**ACTIVITY:**
Print exactly the lines from the one containing "Worthy is the" through the last line of the records below, both included, and nothing else; omit any pictures.

**THE INPUT:**
%%

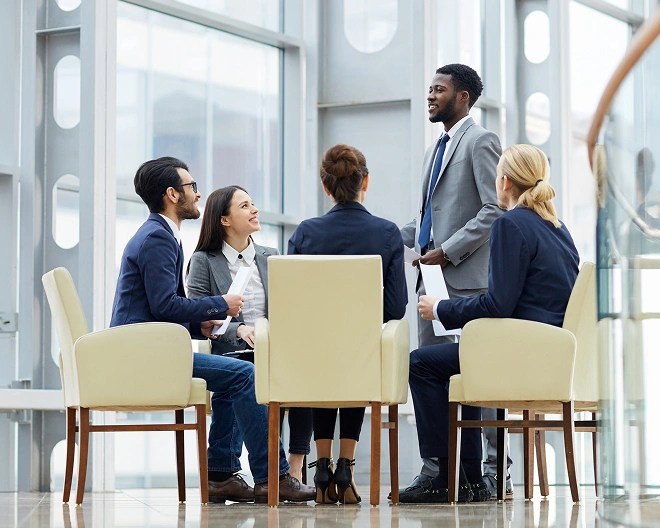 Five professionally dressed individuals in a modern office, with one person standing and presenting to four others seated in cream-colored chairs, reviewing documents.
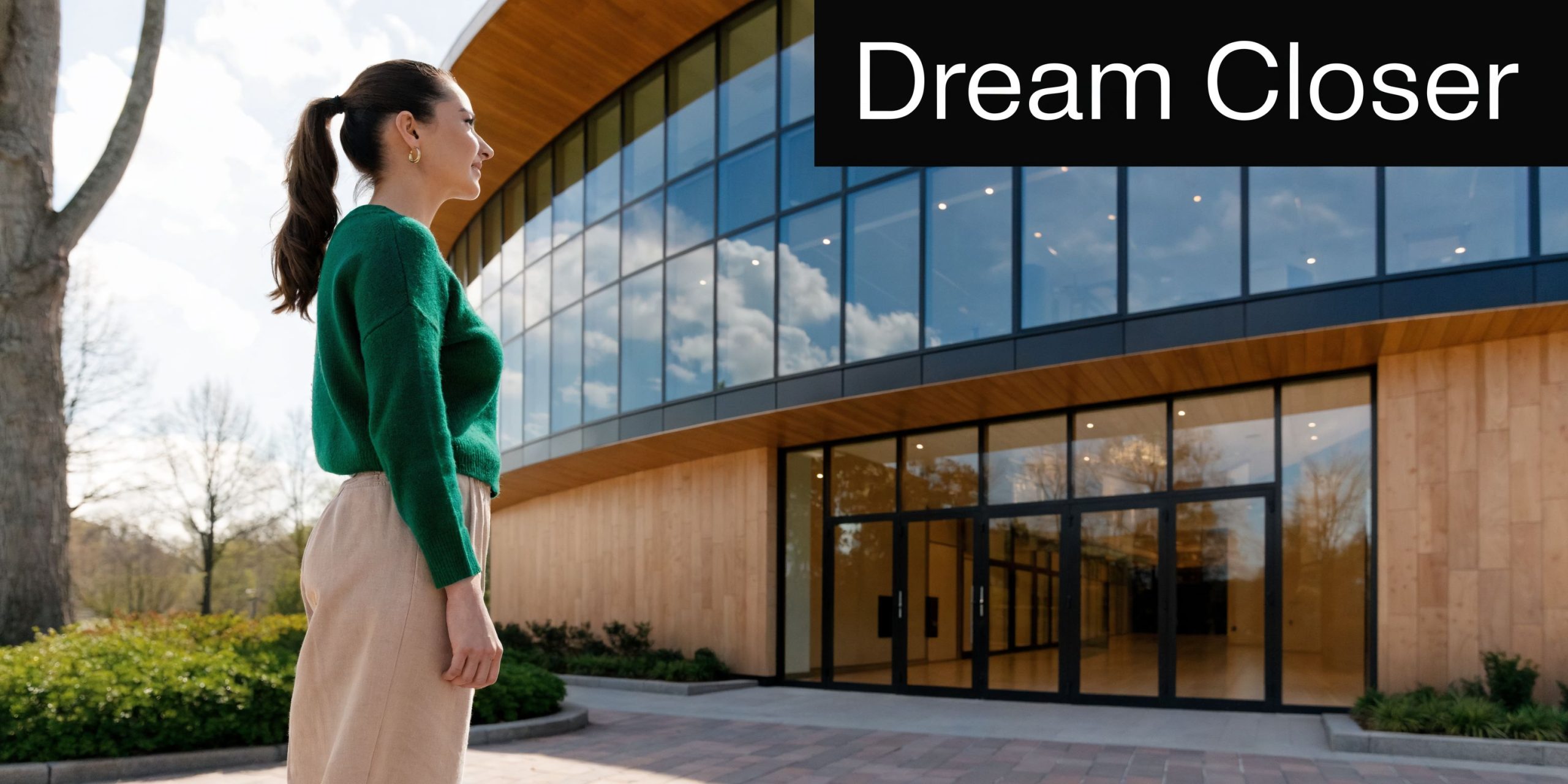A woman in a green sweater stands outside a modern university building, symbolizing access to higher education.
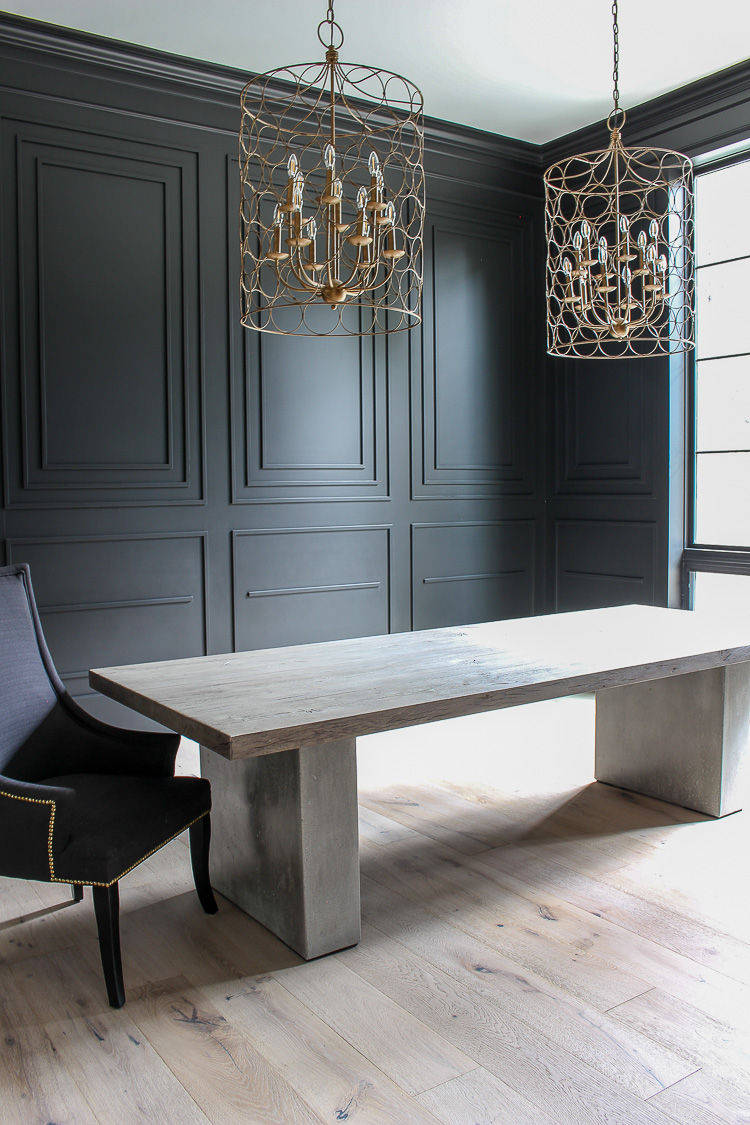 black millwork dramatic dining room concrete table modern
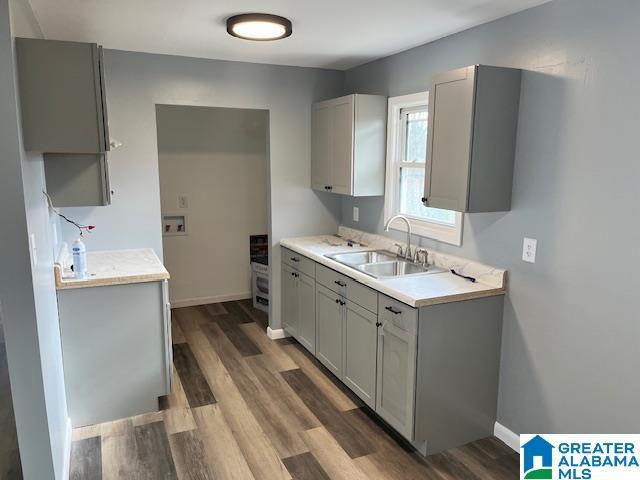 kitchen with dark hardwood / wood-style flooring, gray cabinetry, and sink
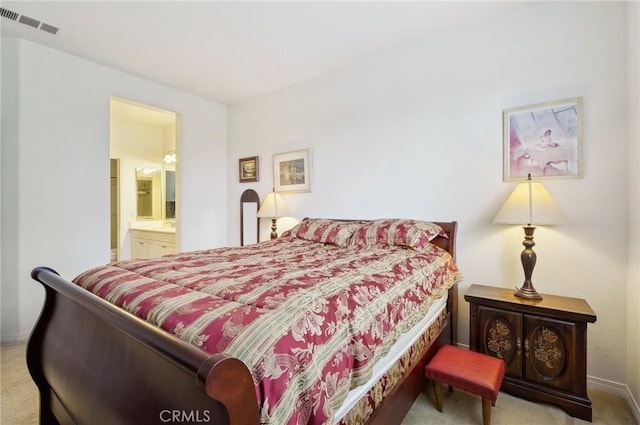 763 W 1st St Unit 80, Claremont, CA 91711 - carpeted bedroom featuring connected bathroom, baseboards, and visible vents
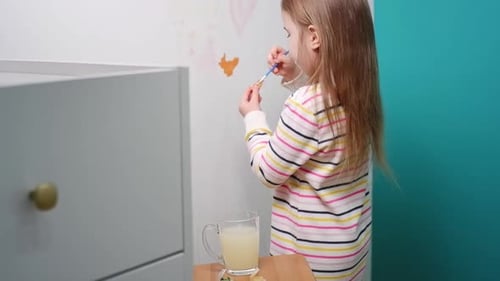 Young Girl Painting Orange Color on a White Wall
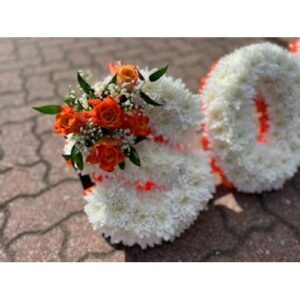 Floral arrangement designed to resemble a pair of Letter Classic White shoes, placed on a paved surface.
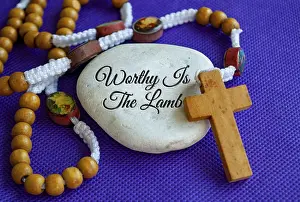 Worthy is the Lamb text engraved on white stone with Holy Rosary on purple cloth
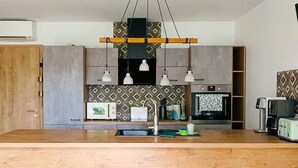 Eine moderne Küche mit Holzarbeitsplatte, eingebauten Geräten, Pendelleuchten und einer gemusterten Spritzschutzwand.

%%

**OUTPUT OF THE EXERCISE:**
 Worthy is the Lamb text engraved on white stone with Holy Rosary on purple cloth
 Eine moderne Küche mit Holzarbeitsplatte, eingebauten Geräten, Pendelleuchten und einer gemusterten Spritzschutzwand.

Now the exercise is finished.